# Taking Gray-Water Recycling From DIY to the Mainstream



## mark handler (Oct 1, 2015)

Taking Gray-Water Recycling From DIY to the Mainstream

By the touch of a remote, the water going down your shower drain could be diverted to water your garden.

Take a shower or do a load of laundry, and you’re most likely wasting some amount of water.

That’s because gray water, the water that ends up in the drain from these sources, can be used to irrigate our lawns and gardens but oftentimes is not.

For residents in the drought-stricken western United States, that could easily change, says Santa Monica resident and self-described tinkerer Garry Sato.

“It’s the way I think most people in our region can participate [in water conservation], be proactive, and not have to suffer,” Sato said.

Sato has an invention he believes gives residents a new way to conserve: a wireless, remote-controlled gray-water system he calls the diverter. The product is the first of its kind to have met requirements for the Uniform Plumbing Code, a stamp of approval needed by plumbers and building inspectors to install for widespread use, Sato says.

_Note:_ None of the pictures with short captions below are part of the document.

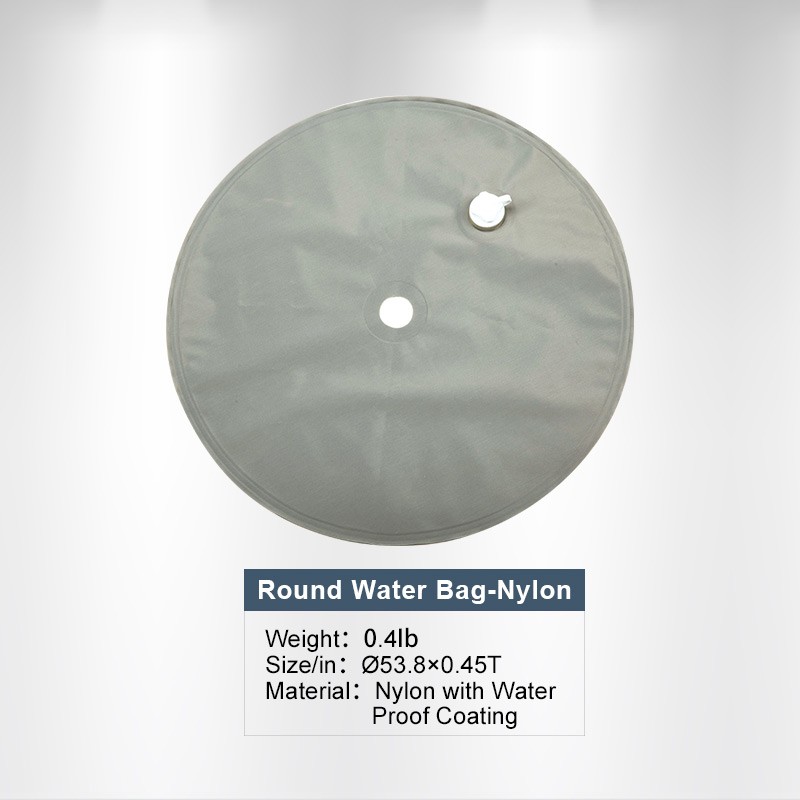 297020f5-3cb5-41e6-8463-33e55672e47b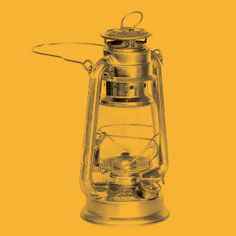 Arribada de la Flama del Canigó a Seva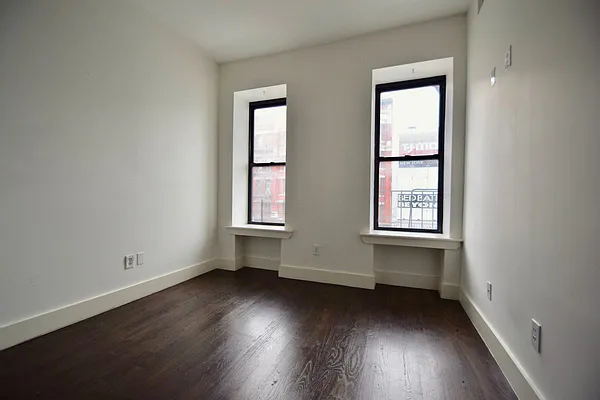 Rented by Bohemia Realty Group | media 53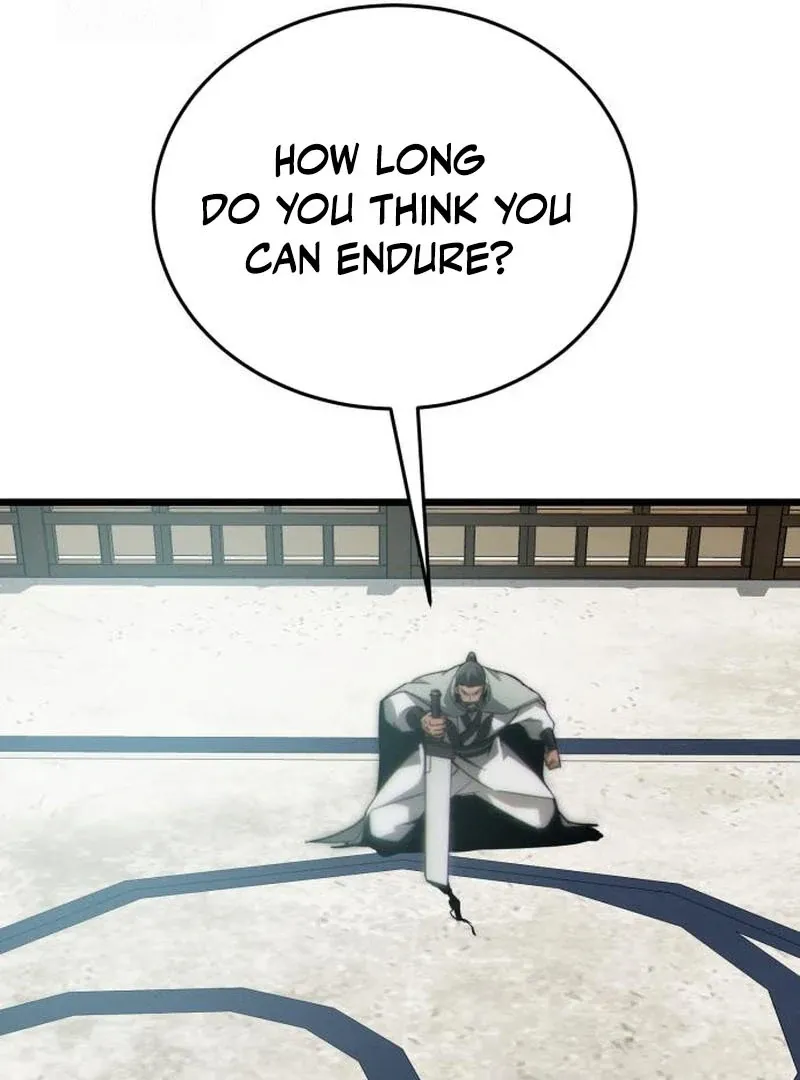 Initializing the Sect System Chapter 9 page 49 - 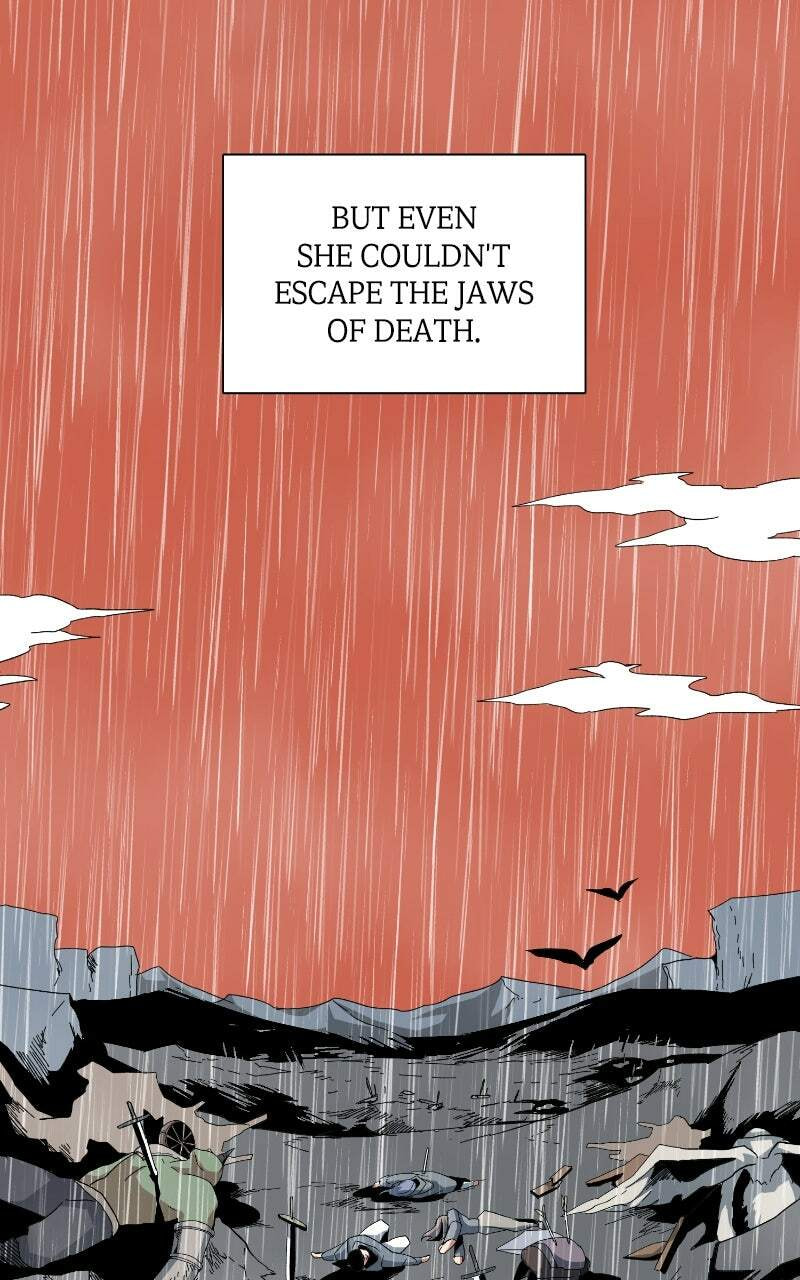 Read Even the Demon King, One Step at a Time chapter 79 image 42 on Lezhin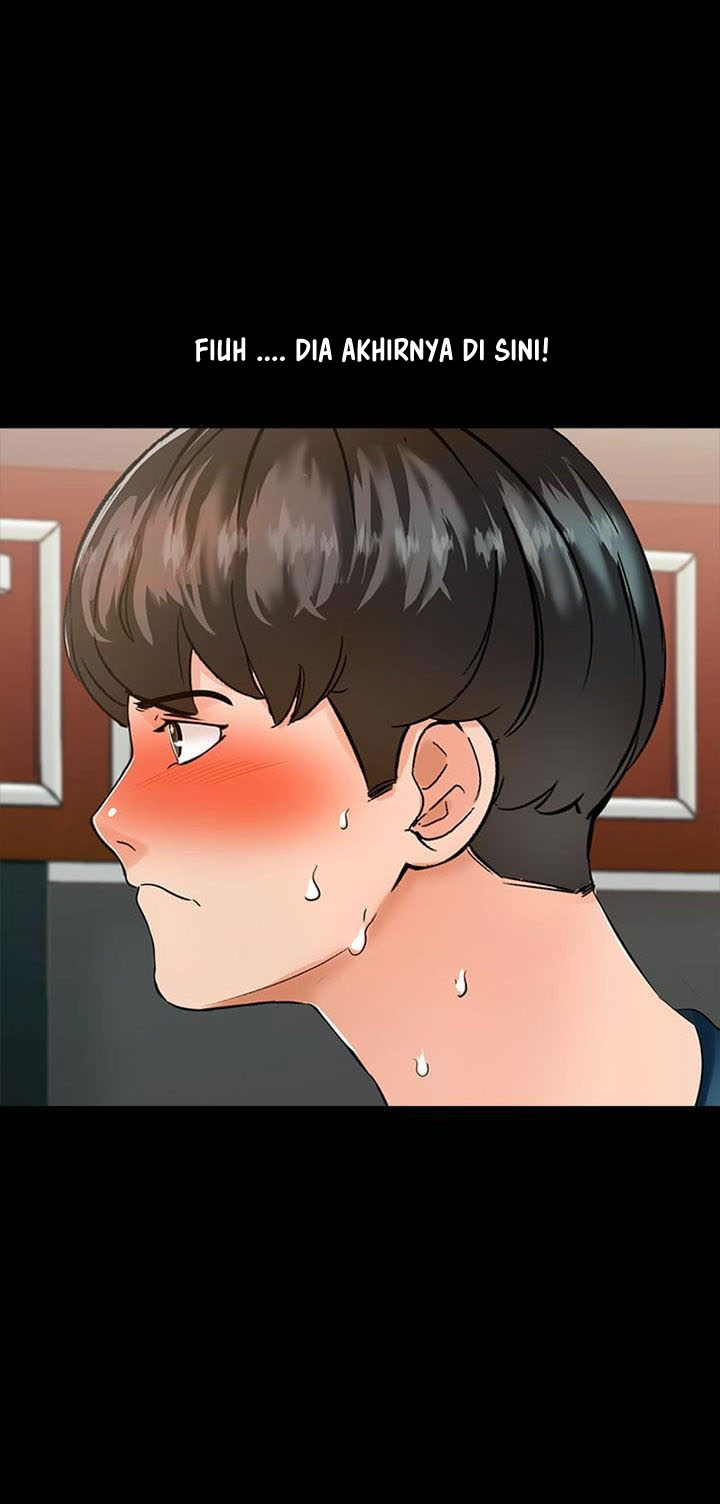 image-komik-the-tutor-chapter-10-20/71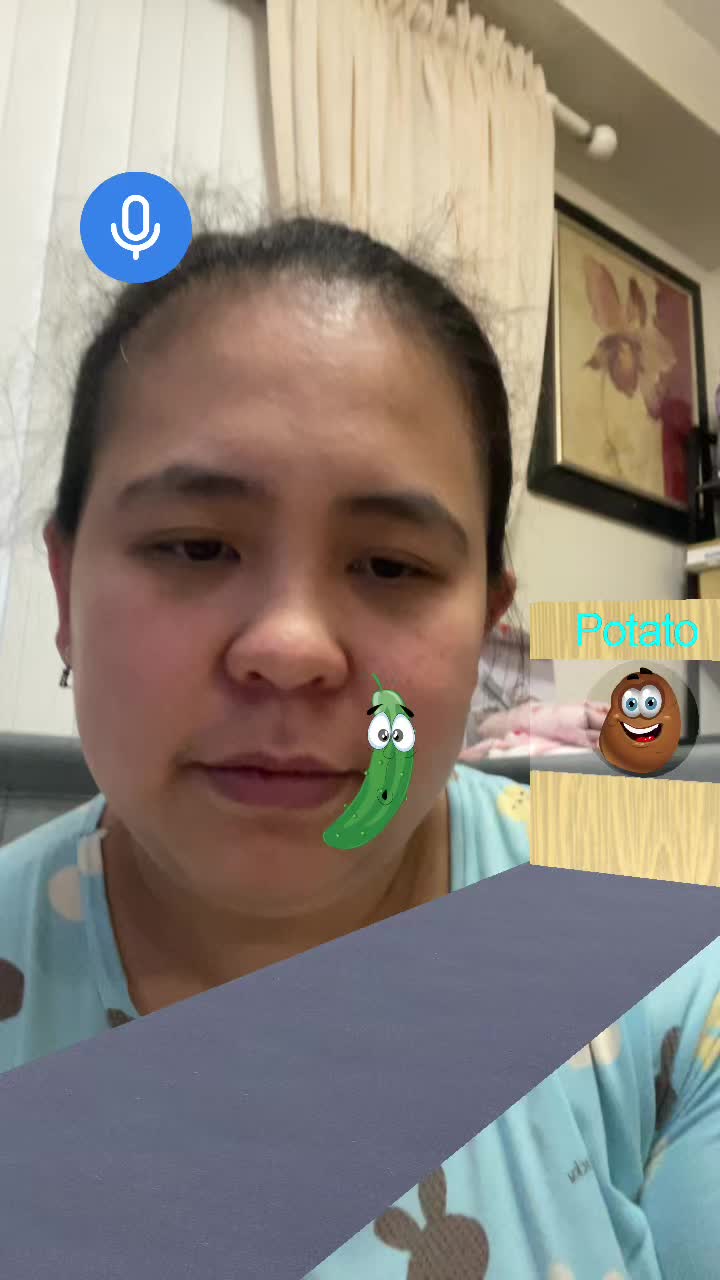 @Sherlene Ley De Leon RECE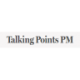 Talking Points PM
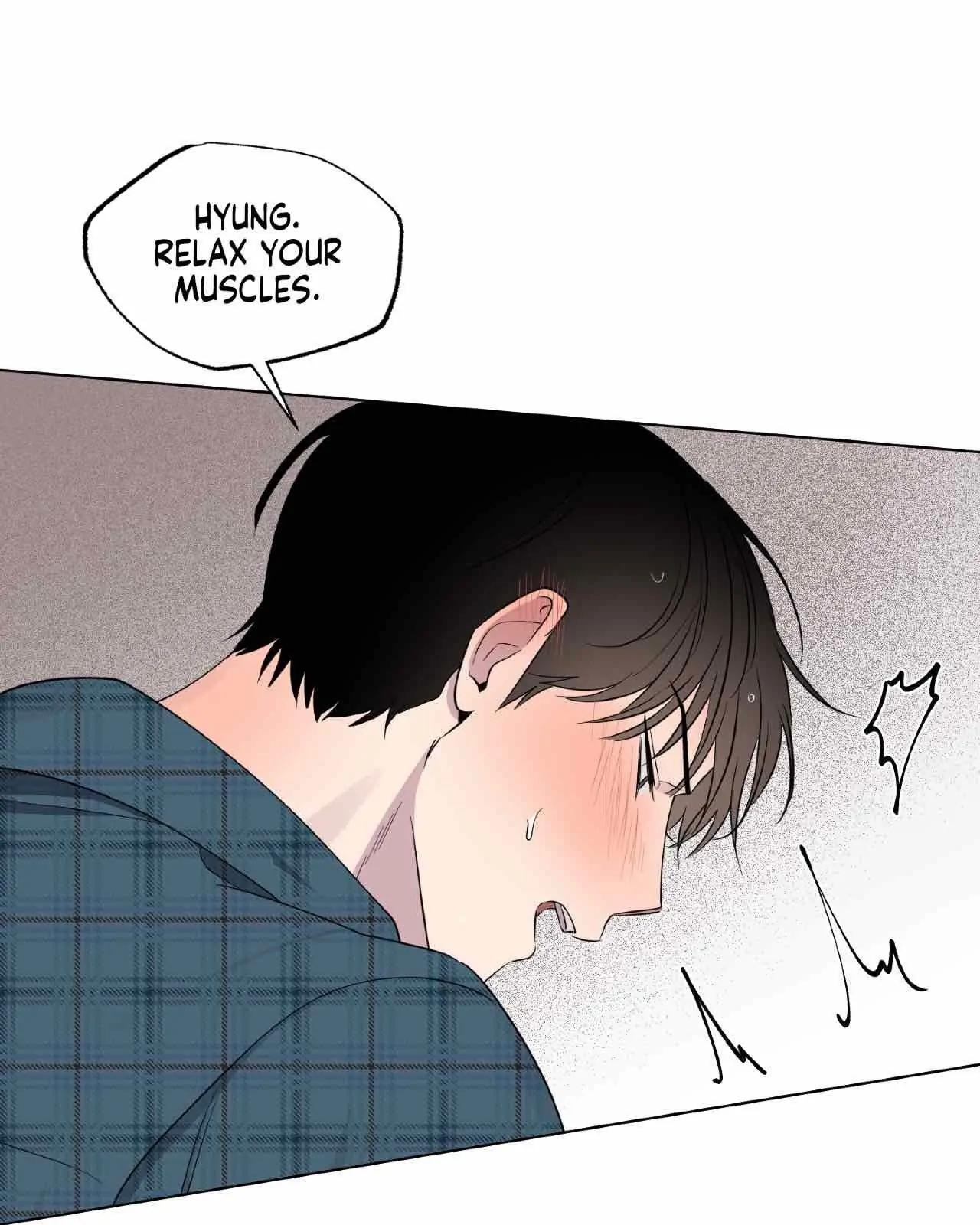 Lucky In Love - Chapter 30 Page 7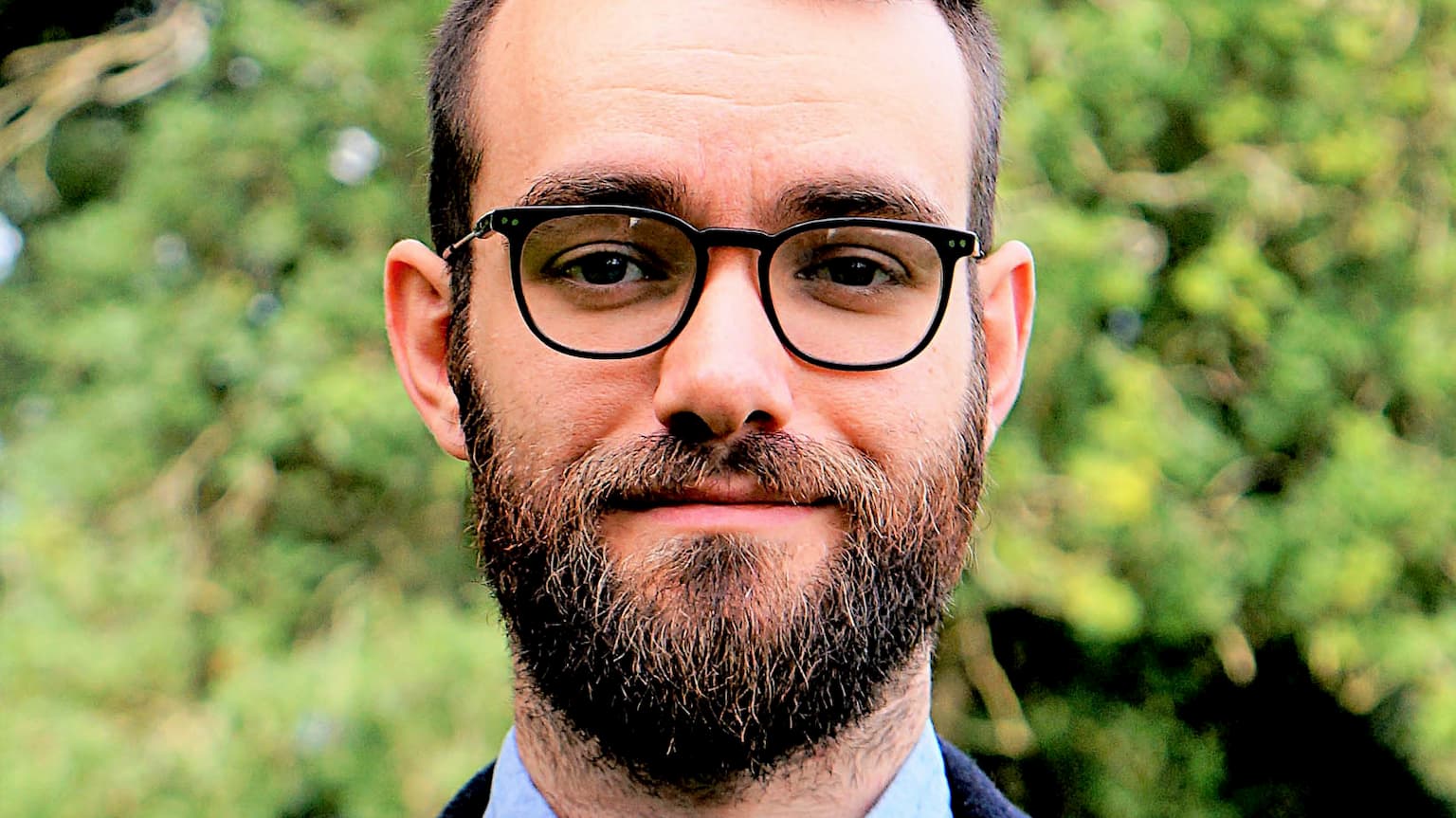 a5cP6000003wvfJIAQ-003P600000ZBgxUIAT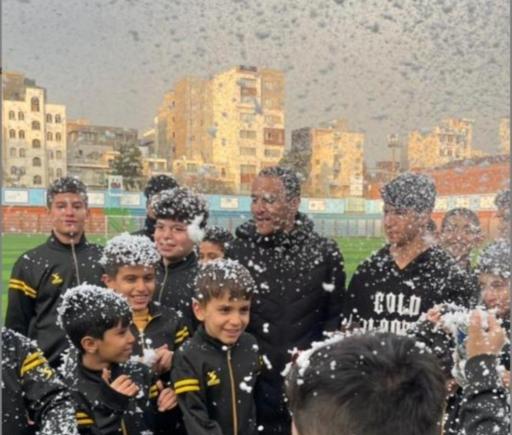 عکس آکادمی آرش برهانی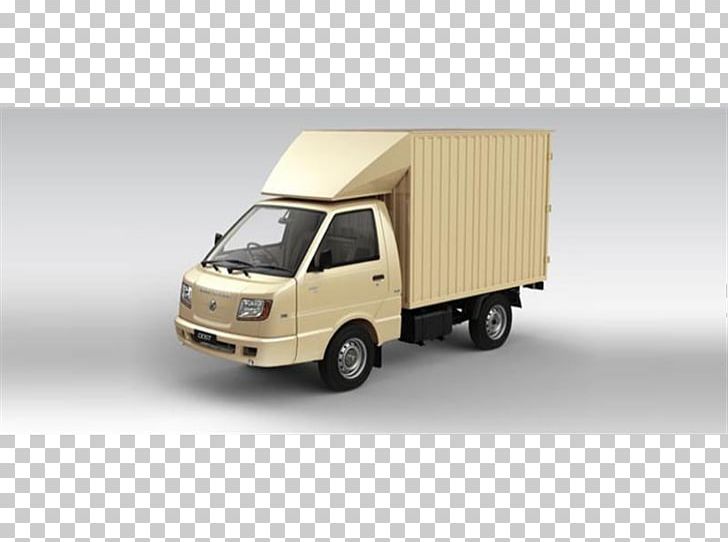 Van Pickup Truck Leyland Motors Car Ashok Leyland PNG, Clipart, Ashok Leyland Dost, Business, Car, Car Dealership, Cargo Free PNG Download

Gray-water systems are not new, but they have largely been accessible to those with a DIY spirit—or the money to get a system installed. And despite a reported rise in gray-water system installations in the past year, off-the-shelf products have been limited.

RELATED: Is the Best Way to Beat the Drought Against the Law?

“I decided to make my own [system] because there wasn’t anything out on the market to use at home,” said Sato. “The ones available were mainly for industrial use at refineries, tankers or nuclear subs, and overkill for a household.”

Here’s how it works: The diverter replaces a 14-inch piece of pipe from a home’s existing shower and laundry drainage system that leads to the sewer. Its extra valve-operated opening directs the flow away from the sewer, through the new pipe, and to an irrigation hose—allowing users to water their lawns with the recycled water. The hose can run through the home into one’s yard via a 1.5-inch hole drilled into the side of the house or the foundation, he added.

“The most simple system will involve hooking up the pipe to a garden hose,” Sato said.

Users can open and close the valve—choosing to water or not water their yards—by pressing a button on a portable remote control.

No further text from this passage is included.